Katholieke Encyclopaedie

Uitgeverij Joost van den Vondel (1933-1939)

Gepubliceerd op 23-04-2019

Carousel

betekenis & definitie

Carousel - is een spel op paarden, dat al in het jaar 842 aan het Frankische hof plaatsvond en in de middeleeuwen opnieuw van Italië uit (Carosella) naar Frankrijk doordrong en vandaar naar alle Europeesche hoven. Eerst namen alleen de ridders eraan deel, later ook de adellijke dames, niet op de paarden zelf, maar in wagens.
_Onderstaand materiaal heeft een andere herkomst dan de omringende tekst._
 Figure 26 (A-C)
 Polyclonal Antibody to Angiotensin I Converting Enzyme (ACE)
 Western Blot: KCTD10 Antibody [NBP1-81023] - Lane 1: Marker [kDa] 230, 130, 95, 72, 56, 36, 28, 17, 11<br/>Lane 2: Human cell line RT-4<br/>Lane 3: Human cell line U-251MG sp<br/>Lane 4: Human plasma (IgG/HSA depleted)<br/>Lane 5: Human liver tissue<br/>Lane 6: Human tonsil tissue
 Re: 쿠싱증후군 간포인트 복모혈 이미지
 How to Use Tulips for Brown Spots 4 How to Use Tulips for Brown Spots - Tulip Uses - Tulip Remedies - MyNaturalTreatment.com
Terwijl aanvankelijk het spel vnl. bestond uit het gezamenlijk optreden van smaakvol gekostumeerde groepen, waarbij dus goede smaak en rijkunst den doorslag gaven, speelde later behendigheid een grote rol bij het spel, daar het zich sportief ontwikkelde en bijv. ringsteken, schijfwerpen, stoten naar figuren enz. op den voorgrond gingen treden. Daarna traden de wagens op, praalwagens zouden wij ze noemen, waarin dames gezeten waren, die de een of andere allegorische voorstelling vertoonden, terwijl daaromheen de ridders te paard gezeten waren. Later werden door de paarden voorgeschreven figuren gedanst (quadrille) of werden ingewikkelde figuren gereden door twee of meer ruiters, terwijl dan ook op daartoe bestemde punten eenige behendigheidsspelen, zooals ringsteken enz. ingelast werden.

Lit.: W. Schmidt, Einfluss der Turniere auf die Deutsche Warmblutzucht (Berlijn 1925).